## WORK TASK:
Please write out each entry below exactly as given.

(Caption-style text data)
== Segment start ==
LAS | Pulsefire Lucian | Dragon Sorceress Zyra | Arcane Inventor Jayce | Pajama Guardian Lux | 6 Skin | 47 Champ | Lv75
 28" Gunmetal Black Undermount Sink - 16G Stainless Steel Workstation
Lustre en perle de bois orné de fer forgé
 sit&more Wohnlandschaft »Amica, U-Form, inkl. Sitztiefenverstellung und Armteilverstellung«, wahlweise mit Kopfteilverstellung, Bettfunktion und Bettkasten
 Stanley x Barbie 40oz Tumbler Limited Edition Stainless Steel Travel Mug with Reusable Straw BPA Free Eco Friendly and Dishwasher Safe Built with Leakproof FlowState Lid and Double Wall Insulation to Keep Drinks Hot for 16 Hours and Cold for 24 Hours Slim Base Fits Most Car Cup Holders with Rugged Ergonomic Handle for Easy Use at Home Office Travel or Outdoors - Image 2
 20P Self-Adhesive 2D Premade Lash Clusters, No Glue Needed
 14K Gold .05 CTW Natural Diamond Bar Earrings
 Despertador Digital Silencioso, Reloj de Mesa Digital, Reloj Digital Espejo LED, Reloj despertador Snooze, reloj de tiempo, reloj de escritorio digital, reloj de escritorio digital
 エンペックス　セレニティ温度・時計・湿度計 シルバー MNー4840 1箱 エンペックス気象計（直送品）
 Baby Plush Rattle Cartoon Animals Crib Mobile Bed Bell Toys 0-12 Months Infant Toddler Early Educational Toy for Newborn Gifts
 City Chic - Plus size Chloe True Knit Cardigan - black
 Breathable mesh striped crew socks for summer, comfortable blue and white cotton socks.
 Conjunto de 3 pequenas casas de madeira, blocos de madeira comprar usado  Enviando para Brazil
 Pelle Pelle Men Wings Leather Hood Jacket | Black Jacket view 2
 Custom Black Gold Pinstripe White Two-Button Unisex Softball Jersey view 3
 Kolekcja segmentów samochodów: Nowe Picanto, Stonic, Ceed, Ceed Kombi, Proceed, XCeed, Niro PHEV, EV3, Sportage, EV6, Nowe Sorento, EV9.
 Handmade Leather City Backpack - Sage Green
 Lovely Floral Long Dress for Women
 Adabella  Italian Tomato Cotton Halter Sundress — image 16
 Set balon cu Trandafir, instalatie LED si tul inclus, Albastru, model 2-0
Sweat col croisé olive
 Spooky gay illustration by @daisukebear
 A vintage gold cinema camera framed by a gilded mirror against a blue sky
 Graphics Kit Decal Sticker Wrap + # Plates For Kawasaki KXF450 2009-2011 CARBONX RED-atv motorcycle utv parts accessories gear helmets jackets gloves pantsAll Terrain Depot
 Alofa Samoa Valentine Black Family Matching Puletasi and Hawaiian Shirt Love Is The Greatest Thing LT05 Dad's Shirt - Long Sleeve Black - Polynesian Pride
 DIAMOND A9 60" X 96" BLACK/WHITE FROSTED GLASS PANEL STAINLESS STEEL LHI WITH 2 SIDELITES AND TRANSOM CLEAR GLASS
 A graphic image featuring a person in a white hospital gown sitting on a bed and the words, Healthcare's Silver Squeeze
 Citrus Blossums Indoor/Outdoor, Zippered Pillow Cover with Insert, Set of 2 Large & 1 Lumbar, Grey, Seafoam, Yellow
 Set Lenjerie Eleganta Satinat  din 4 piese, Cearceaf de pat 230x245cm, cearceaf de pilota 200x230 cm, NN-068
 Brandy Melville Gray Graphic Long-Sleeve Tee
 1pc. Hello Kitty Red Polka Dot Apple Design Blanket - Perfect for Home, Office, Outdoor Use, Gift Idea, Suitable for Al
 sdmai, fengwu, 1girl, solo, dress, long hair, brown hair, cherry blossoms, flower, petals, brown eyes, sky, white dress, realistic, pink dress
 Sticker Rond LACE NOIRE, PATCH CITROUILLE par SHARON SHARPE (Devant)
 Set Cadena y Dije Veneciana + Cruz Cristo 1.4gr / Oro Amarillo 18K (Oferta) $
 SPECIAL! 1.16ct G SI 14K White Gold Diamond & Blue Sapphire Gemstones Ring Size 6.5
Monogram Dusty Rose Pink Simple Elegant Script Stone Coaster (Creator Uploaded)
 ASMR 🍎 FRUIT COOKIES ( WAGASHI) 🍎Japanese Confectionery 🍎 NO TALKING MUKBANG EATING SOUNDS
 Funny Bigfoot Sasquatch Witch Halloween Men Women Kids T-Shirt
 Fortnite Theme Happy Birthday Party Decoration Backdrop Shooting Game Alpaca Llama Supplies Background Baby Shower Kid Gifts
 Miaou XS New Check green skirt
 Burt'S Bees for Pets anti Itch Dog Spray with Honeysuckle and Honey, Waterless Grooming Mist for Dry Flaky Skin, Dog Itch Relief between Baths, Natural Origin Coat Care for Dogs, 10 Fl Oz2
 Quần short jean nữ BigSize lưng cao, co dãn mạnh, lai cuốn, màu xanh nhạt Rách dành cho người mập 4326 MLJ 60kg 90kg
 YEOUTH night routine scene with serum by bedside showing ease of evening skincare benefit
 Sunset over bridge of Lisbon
== Segment end ==
## OUTPUT OF THE TASK:
LAS | Pulsefire Lucian | Dragon Sorceress Zyra | Arcane Inventor Jayce | Pajama Guardian Lux | 6 Skin | 47 Champ | Lv75
 28" Gunmetal Black Undermount Sink - 16G Stainless Steel Workstation
Lustre en perle de bois orné de fer forgé
 sit&more Wohnlandschaft »Amica, U-Form, inkl. Sitztiefenverstellung und Armteilverstellung«, wahlweise mit Kopfteilverstellung, Bettfunktion und Bettkasten
 Stanley x Barbie 40oz Tumbler Limited Edition Stainless Steel Travel Mug with Reusable Straw BPA Free Eco Friendly and Dishwasher Safe Built with Leakproof FlowState Lid and Double Wall Insulation to Keep Drinks Hot for 16 Hours and Cold for 24 Hours Slim Base Fits Most Car Cup Holders with Rugged Ergonomic Handle for Easy Use at Home Office Travel or Outdoors - Image 2
 20P Self-Adhesive 2D Premade Lash Clusters, No Glue Needed
 14K Gold .05 CTW Natural Diamond Bar Earrings
 Despertador Digital Silencioso, Reloj de Mesa Digital, Reloj Digital Espejo LED, Reloj despertador Snooze, reloj de tiempo, reloj de escritorio digital, reloj de escritorio digital
 エンペックス　セレニティ温度・時計・湿度計 シルバー MNー4840 1箱 エンペックス気象計（直送品）
 Baby Plush Rattle Cartoon Animals Crib Mobile Bed Bell Toys 0-12 Months Infant Toddler Early Educational Toy for Newborn Gifts
 City Chic - Plus size Chloe True Knit Cardigan - black
 Breathable mesh striped crew socks for summer, comfortable blue and white cotton socks.
 Conjunto de 3 pequenas casas de madeira, blocos de madeira comprar usado  Enviando para Brazil
 Pelle Pelle Men Wings Leather Hood Jacket | Black Jacket view 2
 Custom Black Gold Pinstripe White Two-Button Unisex Softball Jersey view 3
 Kolekcja segmentów samochodów: Nowe Picanto, Stonic, Ceed, Ceed Kombi, Proceed, XCeed, Niro PHEV, EV3, Sportage, EV6, Nowe Sorento, EV9.
 Handmade Leather City Backpack - Sage Green
 Lovely Floral Long Dress for Women
 Adabella  Italian Tomato Cotton Halter Sundress — image 16
 Set balon cu Trandafir, instalatie LED si tul inclus, Albastru, model 2-0
Sweat col croisé olive
 Spooky gay illustration by @daisukebear
 A vintage gold cinema camera framed by a gilded mirror against a blue sky
 Graphics Kit Decal Sticker Wrap + # Plates For Kawasaki KXF450 2009-2011 CARBONX RED-atv motorcycle utv parts accessories gear helmets jackets gloves pantsAll Terrain Depot
 Alofa Samoa Valentine Black Family Matching Puletasi and Hawaiian Shirt Love Is The Greatest Thing LT05 Dad's Shirt - Long Sleeve Black - Polynesian Pride
 DIAMOND A9 60" X 96" BLACK/WHITE FROSTED GLASS PANEL STAINLESS STEEL LHI WITH 2 SIDELITES AND TRANSOM CLEAR GLASS
 A graphic image featuring a person in a white hospital gown sitting on a bed and the words, Healthcare's Silver Squeeze
 Citrus Blossums Indoor/Outdoor, Zippered Pillow Cover with Insert, Set of 2 Large & 1 Lumbar, Grey, Seafoam, Yellow
 Set Lenjerie Eleganta Satinat  din 4 piese, Cearceaf de pat 230x245cm, cearceaf de pilota 200x230 cm, NN-068
 Brandy Melville Gray Graphic Long-Sleeve Tee
 1pc. Hello Kitty Red Polka Dot Apple Design Blanket - Perfect for Home, Office, Outdoor Use, Gift Idea, Suitable for Al
 sdmai, fengwu, 1girl, solo, dress, long hair, brown hair, cherry blossoms, flower, petals, brown eyes, sky, white dress, realistic, pink dress
 Sticker Rond LACE NOIRE, PATCH CITROUILLE par SHARON SHARPE (Devant)
 Set Cadena y Dije Veneciana + Cruz Cristo 1.4gr / Oro Amarillo 18K (Oferta) $
 SPECIAL! 1.16ct G SI 14K White Gold Diamond & Blue Sapphire Gemstones Ring Size 6.5
Monogram Dusty Rose Pink Simple Elegant Script Stone Coaster (Creator Uploaded)
 ASMR 🍎 FRUIT COOKIES ( WAGASHI) 🍎Japanese Confectionery 🍎 NO TALKING MUKBANG EATING SOUNDS
 Funny Bigfoot Sasquatch Witch Halloween Men Women Kids T-Shirt
 Fortnite Theme Happy Birthday Party Decoration Backdrop Shooting Game Alpaca Llama Supplies Background Baby Shower Kid Gifts
 Miaou XS New Check green skirt
 Burt'S Bees for Pets anti Itch Dog Spray with Honeysuckle and Honey, Waterless Grooming Mist for Dry Flaky Skin, Dog Itch Relief between Baths, Natural Origin Coat Care for Dogs, 10 Fl Oz2
 Quần short jean nữ BigSize lưng cao, co dãn mạnh, lai cuốn, màu xanh nhạt Rách dành cho người mập 4326 MLJ 60kg 90kg
 YEOUTH night routine scene with serum by bedside showing ease of evening skincare benefit
 Sunset over bridge of Lisbon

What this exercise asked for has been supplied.